Walters shook his head and curled his lips as if Perry Arvan’s plans sickened him. “It’s insider trading. Offering an outside investor confidential, inside knowledge as a lure for his money, information he hasn’t even shared with his own stockholders, that’s a serious crime.”
“If you say so,” O’Neal replied, as if to say, big deal, so what? The absurdity that they were breaking even more serious laws seemed relevant only to him.
“Also, private loans are a corporate no-no,” Walters went on, now sounding very righteous. “The polymer was developed on company premises, using company employees, on company property. The shareholders own it. He can’t sell off pieces or encumber them with a major debt without their express knowledge and approval.”
“I think he’s gotta get caught first,” O’Neal noted very reasonably.
“You have this conversation on tape, right?”
“Clear as a bell.”
“So there it is.”
“Yeah, there it is… a totally inadmissible conversation.”
If that minor technicality worried Walters, he gave no hint of it. With a great screech the train ground to a stop; the two black ladies got up and waddled off, followed by the student, bouncing and rocking to his iPod.
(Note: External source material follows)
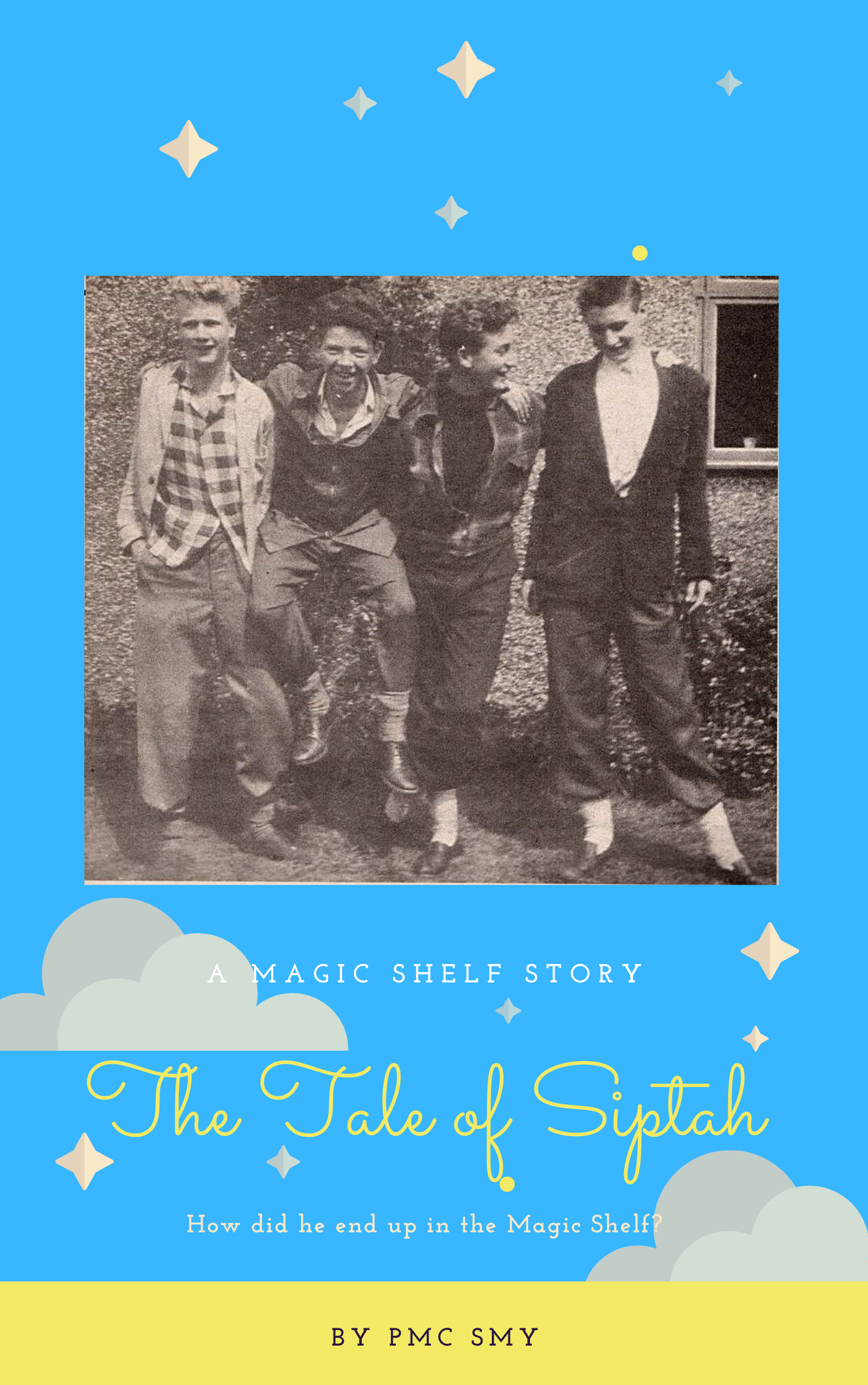 Cover of The Tale of Siptah by P.M.C. Smy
Both men sat staring at the floor, neither moving.
“Send me the tape,” Walters finally announced, then stood, adjusted his suit, and, looking suddenly purposeful, departed.
“No problem.”
Jack was seated in his car in the middle of a large parking lot, reading a paperback novel, when the long black limousine slid up and parked less than three feet away.
Mitch Walters popped out of the back, gripping a briefcase and unloading a smug grin.
Jack stepped out of his car and they shook, rather limply. “Listen, Mitch, I don’t think this is such a good idea,” Jack said.
“Hey, you’re right, Jack, it’s a great idea.” Walters spent a moment surveying the parking lot, the surrounding streets, the large collection of junkheaps parked around them; not a single BMW or Mercedes in the lot, but plenty of old pickups that seemed to be fading and rusting before his eyes. His stare stopped at the large pile of red bricks with the words “Arvan Chemicals” across the entrance.
“What a dump,” Walters remarked with a sour expression. He withdrew a long cigar from his pocket, neatly clipped the end, and spent a long moment puffing and sucking to get it lit. The call he made to Jack three hours earlier had not gone well, to put it mildly. Jack had confidently asserted that he had matters well in hand, before Walters unloaded the news about Perry Arvan’s hunt for a white knight willing to make a generous wager in return for a big chunk of the holy grail.
Just as he suspected it would, this news caught Jack flat-footed and momentarily baffled: it was a rare opening and Walters exploited it to insist on taking a more active role in the takeover. Jack’s protestations were vehement and a total waste of breath.
Walters had his mind made up: the time had come to push Jack into the backseat; time for the Capitol Group, and for Walters himself, to take the lead. It was also the first advantage Walters had on Jack and he intended to use it for all it was worth. He ended the conversation abruptly by informing Jack that he was about to jump on the smaller corporate jet for a fast sprint to Trenton Airport, drive to the factory, and pay a nasty visit on Perry Arvan.
Jack could join him or not. His choice. Didn’t matter to Walters.
“You say you have Perry on tape planning to commit a crime. Did I hear that right?” Jack asked, giving Walters a wary look.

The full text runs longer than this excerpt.